> **Assignment**: Each line below from the one containing "Zhu Zhu Pets" through the one containing "Loominaire Handmade Carpet" is to be given again exactly, and no line outside that span.

> **Given entries**:
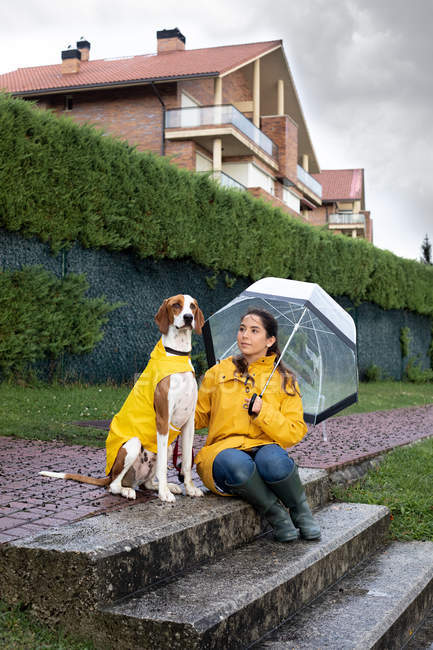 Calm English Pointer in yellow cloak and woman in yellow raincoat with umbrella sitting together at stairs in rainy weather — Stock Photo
---
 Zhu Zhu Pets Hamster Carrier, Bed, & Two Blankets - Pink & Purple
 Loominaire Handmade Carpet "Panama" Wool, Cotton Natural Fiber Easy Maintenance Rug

> **Answer to the exercise**:
 Zhu Zhu Pets Hamster Carrier, Bed, & Two Blankets - Pink & Purple
 Loominaire Handmade Carpet "Panama" Wool, Cotton Natural Fiber Easy Maintenance Rug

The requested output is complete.